## [Information given]
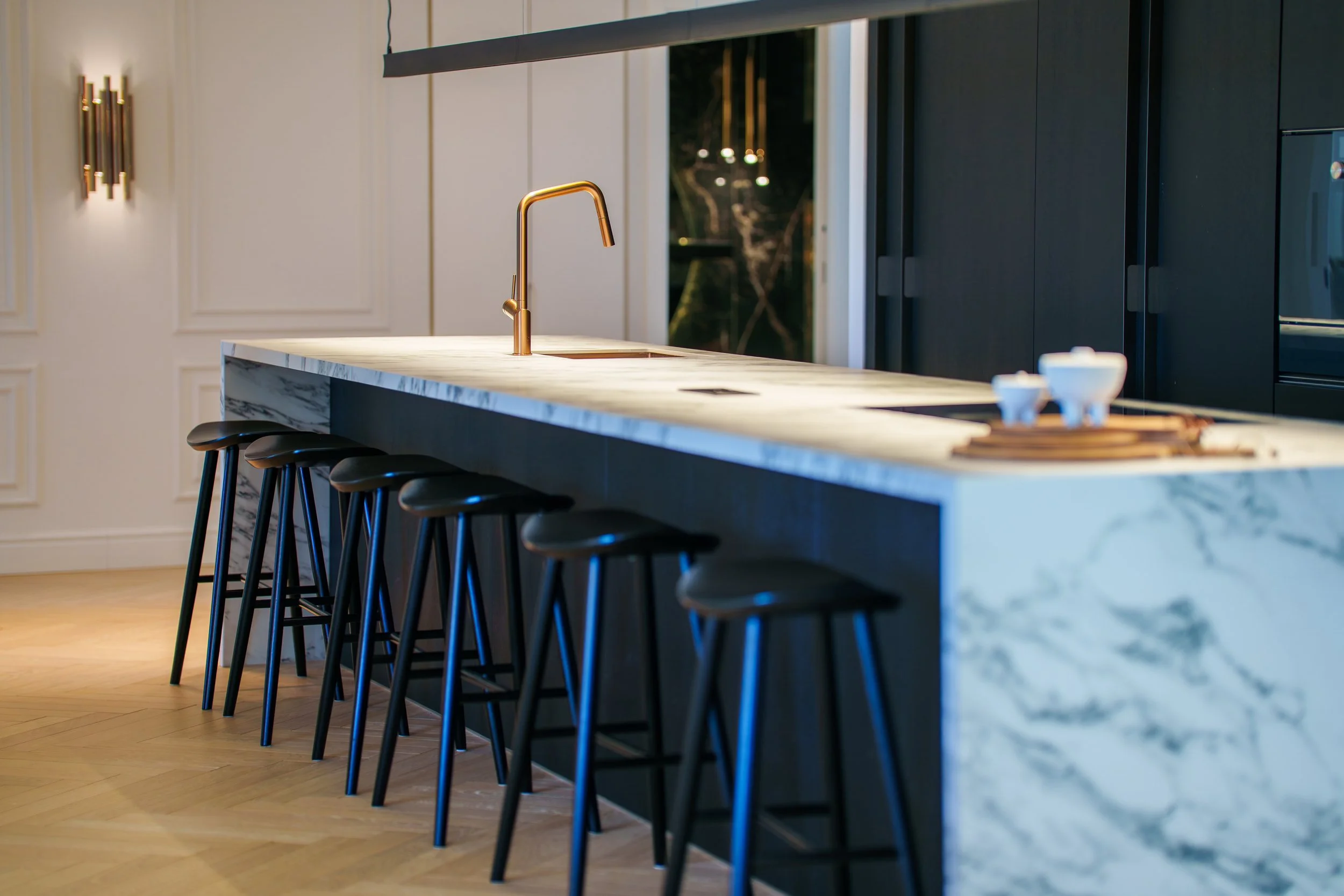 Close-up of the marble breakfast bar with high-end gold fixtures and views into the open-concept living space.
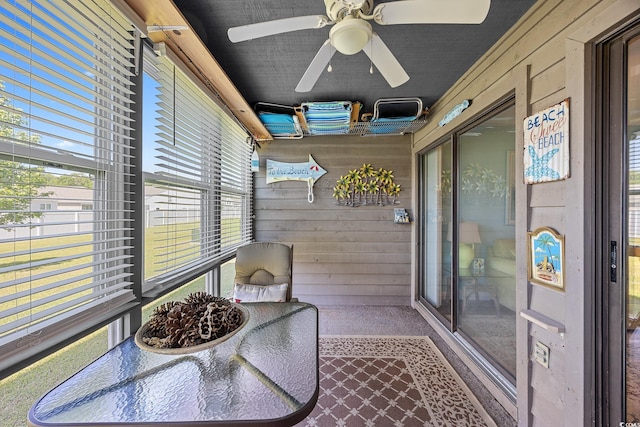 sunroom / solarium featuring ceiling fan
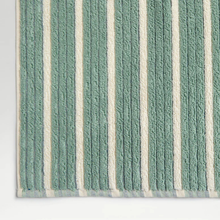 Load image into Gallery viewer, Textured green and white striped rug on a light gray background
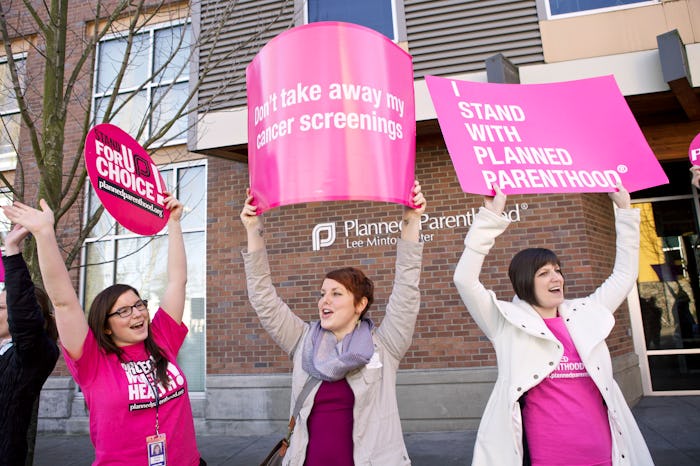 Mothers protesting against Title X funding cuts on a street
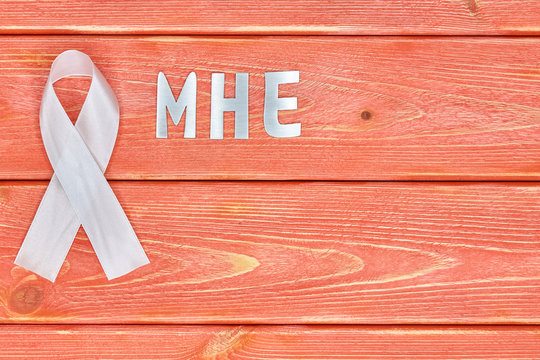 white awareness ribbon and inscription of iron letters: mhe, lying on wooden textured background color of season 2019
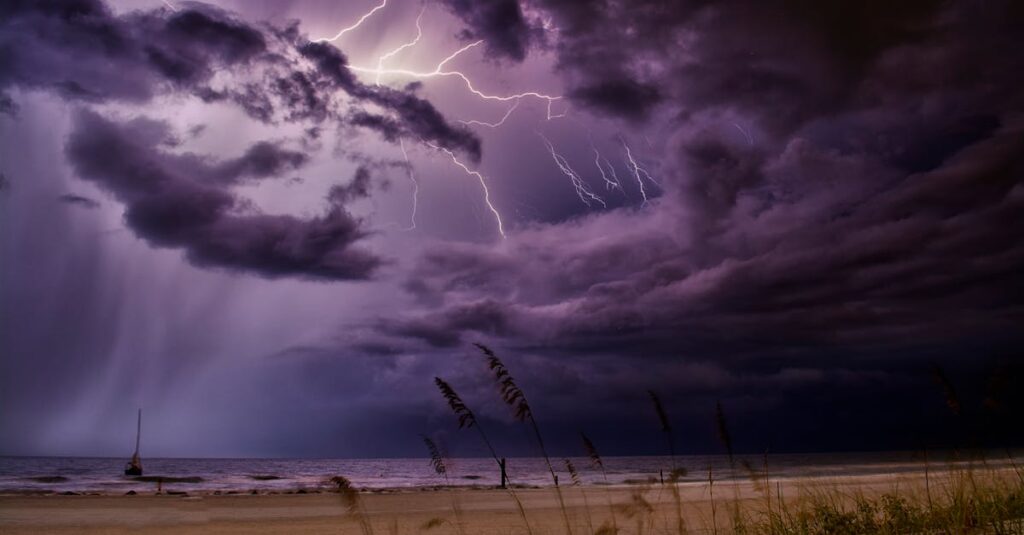 Dramatic lightning bolts illuminate the night sky over Redington Beach, creating a stunning natural scene.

## [Work to complete]
Nothing but the pictures may be dropped; restate the material word for word.

## [Final answer]
 Close-up of the marble breakfast bar with high-end gold fixtures and views into the open-concept living space.
 sunroom / solarium featuring ceiling fan
 Load image into Gallery viewer, Textured green and white striped rug on a light gray background
 Mothers protesting against Title X funding cuts on a street
 white awareness ribbon and inscription of iron letters: mhe, lying on wooden textured background color of season 2019
 Dramatic lightning bolts illuminate the night sky over Redington Beach, creating a stunning natural scene.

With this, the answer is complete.